** Opening Data shown block **
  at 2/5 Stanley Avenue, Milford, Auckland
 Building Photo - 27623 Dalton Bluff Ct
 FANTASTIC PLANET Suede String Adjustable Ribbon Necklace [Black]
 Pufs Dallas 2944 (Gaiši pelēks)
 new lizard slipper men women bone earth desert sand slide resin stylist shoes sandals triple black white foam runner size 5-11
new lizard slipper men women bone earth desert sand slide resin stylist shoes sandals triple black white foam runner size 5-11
** Closing Data shown block **
** Opening Data shown block **
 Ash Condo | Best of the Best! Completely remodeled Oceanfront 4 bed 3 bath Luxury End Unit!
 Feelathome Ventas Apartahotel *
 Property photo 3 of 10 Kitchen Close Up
** Closing Data shown block **
** Opening Data shown block **
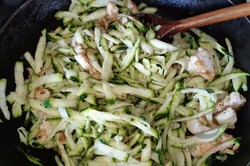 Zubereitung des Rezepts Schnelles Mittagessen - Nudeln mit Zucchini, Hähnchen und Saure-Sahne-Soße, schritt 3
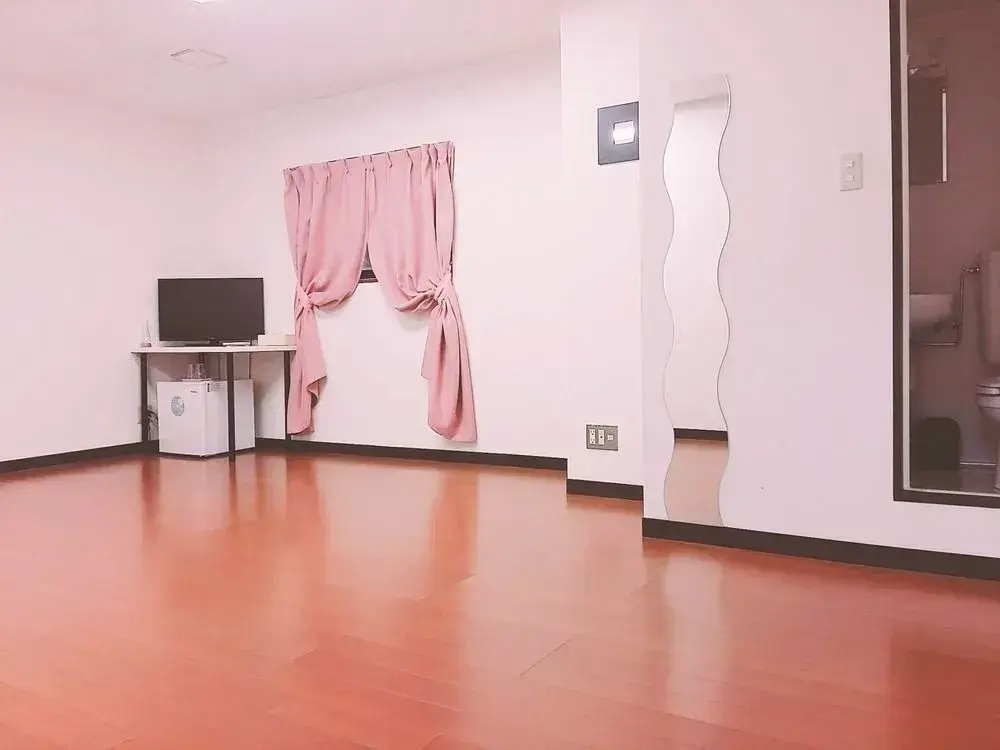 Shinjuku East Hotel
** Closing Data shown block **
Going by the data above, the answer is exactly the lines from the one holding "Zubereitung des Rezepts" to the one holding "Shinjuku East Hotel", both kept, with the pictures left out.

 Zubereitung des Rezepts Schnelles Mittagessen - Nudeln mit Zucchini, Hähnchen und Saure-Sahne-Soße, schritt 3
 Shinjuku East Hotel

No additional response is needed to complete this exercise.